More of the same, but most of a month later. Class indolent but, they say, working on other subjects. I do hope so. Meanwhile the generation of questions continues and I’m capturing 25% of them or less to put here.

DJS 20130312

Calculus, differentiation, uses of:

1.  A large square sheet of metal, area 144dm² is used to create an open box with a square base of side a. To do this, squares of side x are cut from the sheet, which is then folded and welded. Write expressions for the area, A, and the volume, V, of the resulting shape. Hence discover the dimensions that give maximum and minimum volume.

2.  A sealed cylindrical can, height h=kr and radius r, is to be made from a fixed area, A. Find the value of k that gives the maximum volume.

3.  An open-topped cylinder has an area of 1 square metre. Write an expression for the area in terms of height and radius, h and r respectively. Find the ratio h/r that gives a maximum volume.

4. A hopper is to be made from sheet metal in the form of a right circular cone, apex downwards, height h and radius r. The cone is open at the top. Write expressions for surface area and volume and hence show that the ratio of height to radius that will give maximum volume for a fixed area is    h = r √2.

5. Rectangular panels are used to create an open cuboid tank for holding oil. Each panel has dimension a and b, in metres; assume b>a. The resulting tank has volume V. The cost of a linear joint is p per metre, and the cost of cutting a sheet is 2p per metre. There are two tank styles for sale; one, Model S, with a square base and one, Model R, with a rectangular base, each of volume a²b. The cost of a tank is the construction cost plus the material cost, where unused material can be returned to store.
(i) Draw diagrams to show both styles.
(ii) Show that style S has a construction cost CCS = (6a + 4b)p (where p is the cost per metre of a joint) and write a corresponding expressions for the cost of constructing tanks of style R.
iii) What ratio would a and b have for the construction costs to be the same for R and S?
iv) If the sheet cost is k p/sq metre then show that, for the model S tank, tank cost, TC, is TC(S) = (6a + 4b + k(a
²+4ab))p and write the corresponding expression for TC(R). Rewrite these for the special case where ak=5.
v) For a fixed size, V=10, and the special case where ak = 5, find a stationary value. Show that for Model S this is a minimum close to a=2m; find the equivalent position for model R, explain what has happened to the model and hence find an appropriate conclusion for model R
vi) We stated that b>a; for V=10, what limitations does this put on a and b?
vii) Clearly a,b,k are all >0; show that the equality TCS=TCR reduces to  a(4+ak) = b (2+ak). Show that this reveals both that 2a>b and that (1+ak)/(2+ak)>0.25. Does either inequality add information?
viii) What happens when a=b?

Q1 Minimum at x=6, V=0 maximum at x=2, V= 2.8.8 = 128 dm3

Q2: Until someone disagrees, I think:  (iv) TCS = (11a+24b)p, TCR = (20a +17b)p.

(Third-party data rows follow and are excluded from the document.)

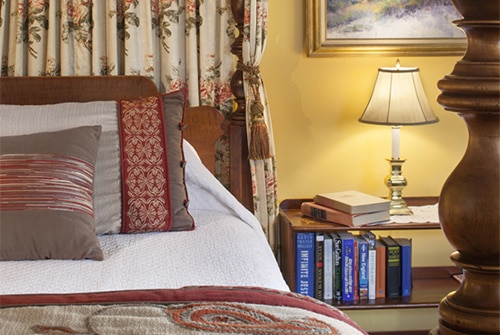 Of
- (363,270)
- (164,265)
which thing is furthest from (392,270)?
(164,265)

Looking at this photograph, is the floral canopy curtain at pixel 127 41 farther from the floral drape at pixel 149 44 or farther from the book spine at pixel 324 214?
the book spine at pixel 324 214

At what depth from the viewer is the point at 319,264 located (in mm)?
2953

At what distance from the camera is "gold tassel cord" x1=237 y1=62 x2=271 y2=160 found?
9.67ft

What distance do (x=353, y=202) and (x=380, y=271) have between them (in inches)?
11.7

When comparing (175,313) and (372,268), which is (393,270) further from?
(175,313)

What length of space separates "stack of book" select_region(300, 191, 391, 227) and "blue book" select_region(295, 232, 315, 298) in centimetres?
10

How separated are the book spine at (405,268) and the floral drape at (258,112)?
52cm

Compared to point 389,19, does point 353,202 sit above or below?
below

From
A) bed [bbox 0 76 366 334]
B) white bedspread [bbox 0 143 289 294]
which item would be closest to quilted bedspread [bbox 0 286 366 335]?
bed [bbox 0 76 366 334]

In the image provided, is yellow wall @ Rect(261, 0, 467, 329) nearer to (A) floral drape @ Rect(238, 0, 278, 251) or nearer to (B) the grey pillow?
(A) floral drape @ Rect(238, 0, 278, 251)

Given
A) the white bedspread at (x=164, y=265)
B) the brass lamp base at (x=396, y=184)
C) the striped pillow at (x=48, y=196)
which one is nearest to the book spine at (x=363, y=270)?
the brass lamp base at (x=396, y=184)

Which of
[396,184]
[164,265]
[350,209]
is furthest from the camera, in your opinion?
[396,184]

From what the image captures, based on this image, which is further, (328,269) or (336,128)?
(336,128)

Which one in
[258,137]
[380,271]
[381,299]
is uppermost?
[258,137] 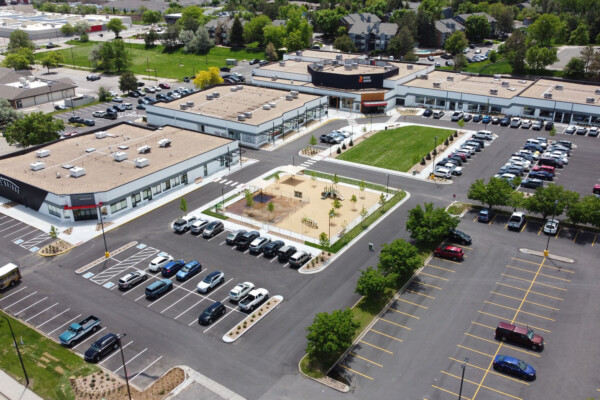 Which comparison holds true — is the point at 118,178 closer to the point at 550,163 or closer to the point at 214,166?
the point at 214,166

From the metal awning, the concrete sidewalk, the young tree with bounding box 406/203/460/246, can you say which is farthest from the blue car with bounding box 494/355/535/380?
the metal awning

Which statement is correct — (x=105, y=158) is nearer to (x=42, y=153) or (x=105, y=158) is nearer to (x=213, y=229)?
(x=42, y=153)

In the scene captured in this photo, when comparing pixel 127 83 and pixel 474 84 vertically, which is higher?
pixel 474 84

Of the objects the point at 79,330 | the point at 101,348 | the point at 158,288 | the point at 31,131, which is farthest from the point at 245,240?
the point at 31,131

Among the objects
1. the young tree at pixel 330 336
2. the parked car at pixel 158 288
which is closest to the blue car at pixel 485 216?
the young tree at pixel 330 336

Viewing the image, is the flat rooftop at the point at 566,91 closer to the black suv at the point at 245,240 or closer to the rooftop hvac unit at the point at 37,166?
the black suv at the point at 245,240

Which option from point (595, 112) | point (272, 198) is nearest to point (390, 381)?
point (272, 198)

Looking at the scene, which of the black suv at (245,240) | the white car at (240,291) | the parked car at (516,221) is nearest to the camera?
the white car at (240,291) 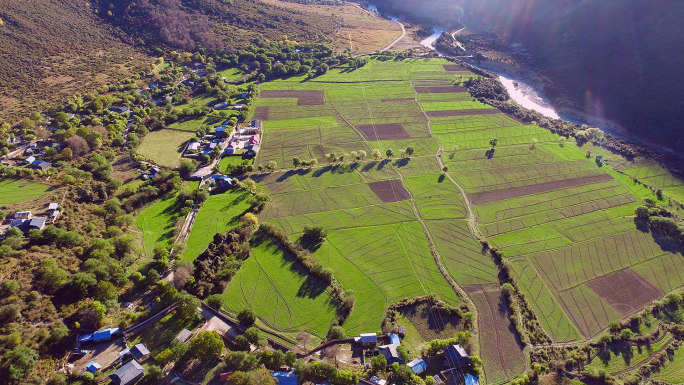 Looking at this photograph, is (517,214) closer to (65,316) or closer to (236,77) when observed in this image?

(v) for S: a³ = 480/11 => a=3.52; b = 0.81; TC(S)min = 58p. For R: a³= 17 => a=2.57; b = 1.51; TC(R)min = 77p. Note: a>b here, so reject the solution. One response is that model R should be treated as a cube [consequence; a=b=10 1/3, TCR/p =8a+5a(ak)=33k=71.1]; another is that ak≠5 for model R, more like ak=1, TCR=42.8.(vi) a3 <10, 0<a<2.154, b>2.154

Q3: several ways to do this, dV/dr and dV/dk; maximum volume at k=2.